**WHAT THE EXERCISE ASKS:** Transcribe all the lines below exactly. Omit the pictures.

Stored entries:
┄┄┄┄┄┄┄┄┄┄
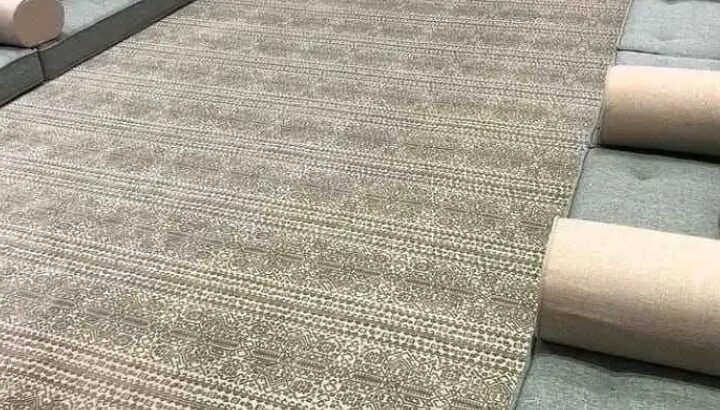 صنع أريكة جديدة وإصلاحها، وصنع الستائر وبيع السجاد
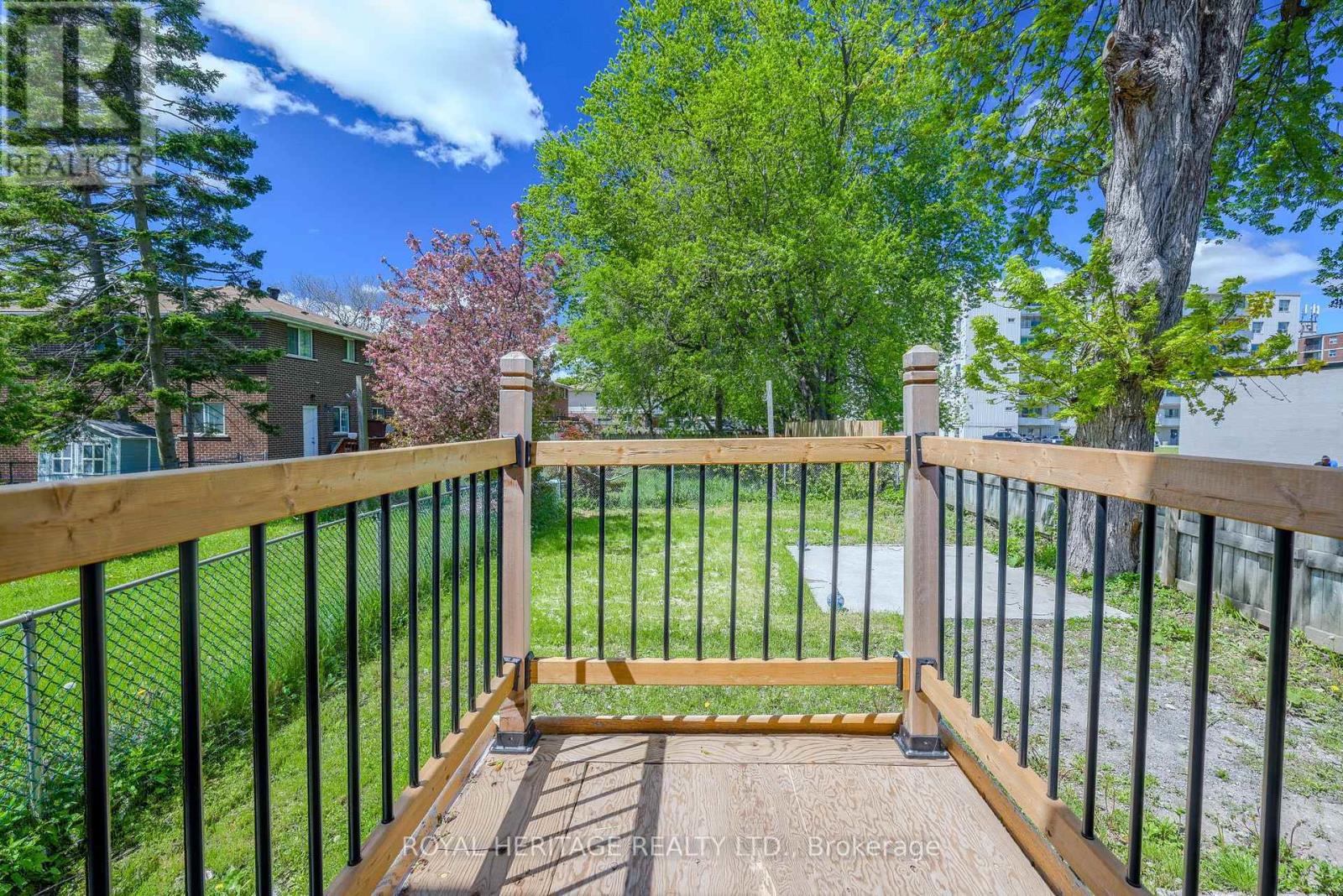 1092 CEDAR STREET - 36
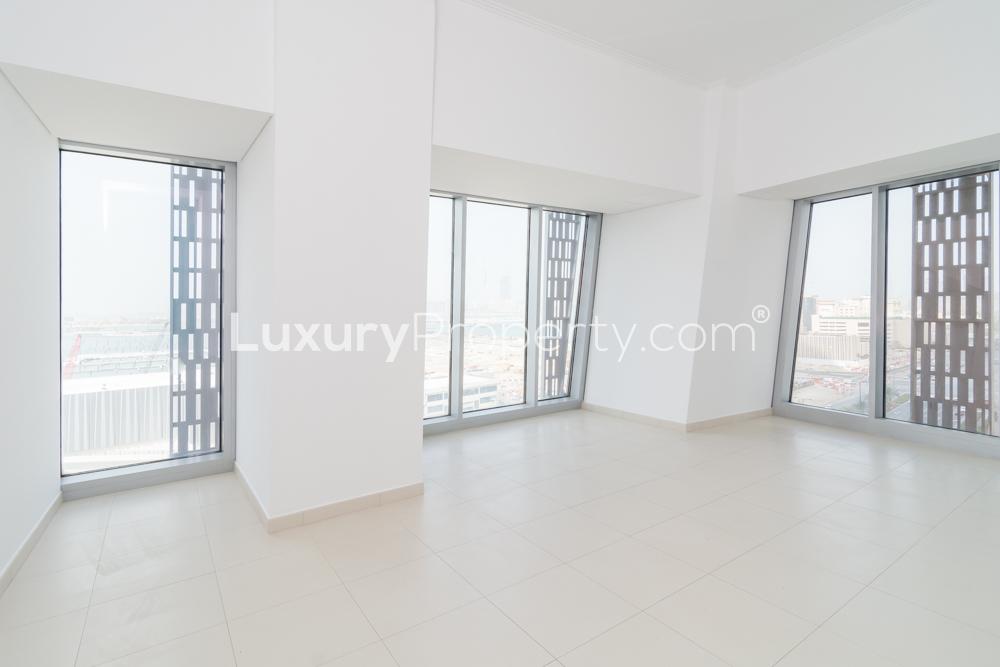 Luminous 1-bed apartment view, Cayan Tower, Dubai Marina, overlooking marina and skyscrapers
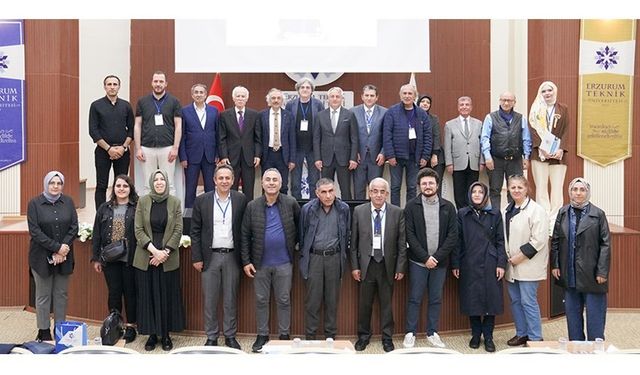 ETÜ’de vefatının 50. yılında Nurettin Topçu’yu anma sempozyumu düzenlendi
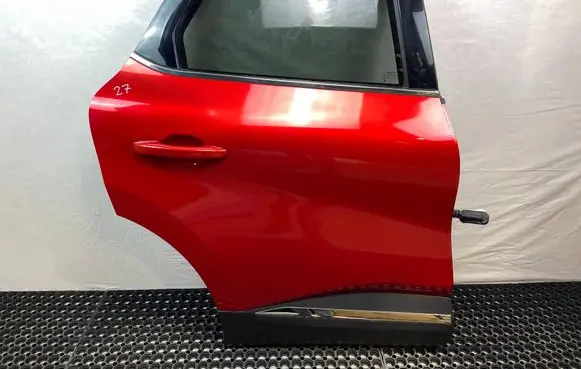 Renault Captur II Rear door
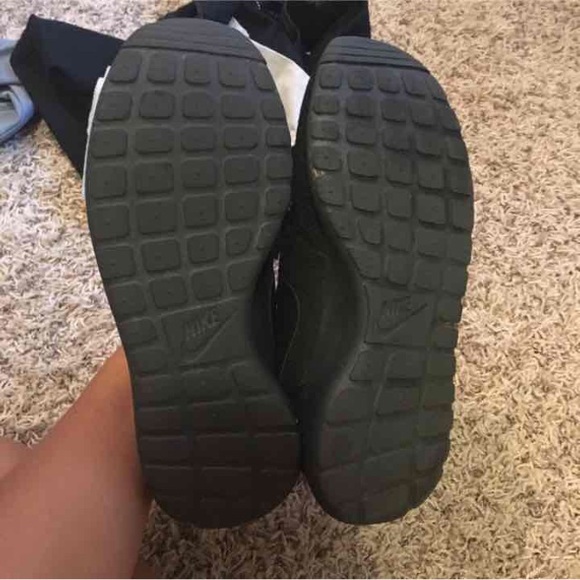 **⚽️⚽️Sold🌈🌈 roshe run - Picture 3 of 3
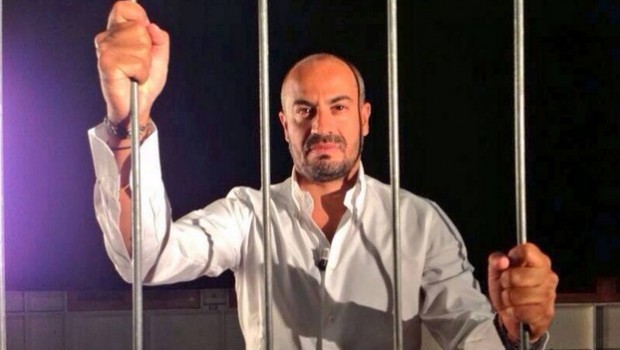 La gabbia, Gianluigi Paragone a Tvblog: “Se sbaglio questa sfida non ritorno in Rai con un contratto a tempo indeterminato”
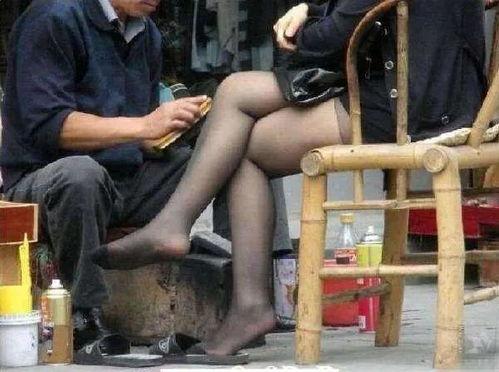 丝袜踢裆视频,网络热议的激情瞬间揭秘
┄┄┄┄┄┄┄┄┄┄
**THE ANSWER:**
 صنع أريكة جديدة وإصلاحها، وصنع الستائر وبيع السجاد
 1092 CEDAR STREET - 36
 Luminous 1-bed apartment view, Cayan Tower, Dubai Marina, overlooking marina and skyscrapers
 ETÜ’de vefatının 50. yılında Nurettin Topçu’yu anma sempozyumu düzenlendi
 Renault Captur II Rear door
 **⚽️⚽️Sold🌈🌈 roshe run - Picture 3 of 3
 La gabbia, Gianluigi Paragone a Tvblog: “Se sbaglio questa sfida non ritorno in Rai con un contratto a tempo indeterminato”
 丝袜踢裆视频,网络热议的激情瞬间揭秘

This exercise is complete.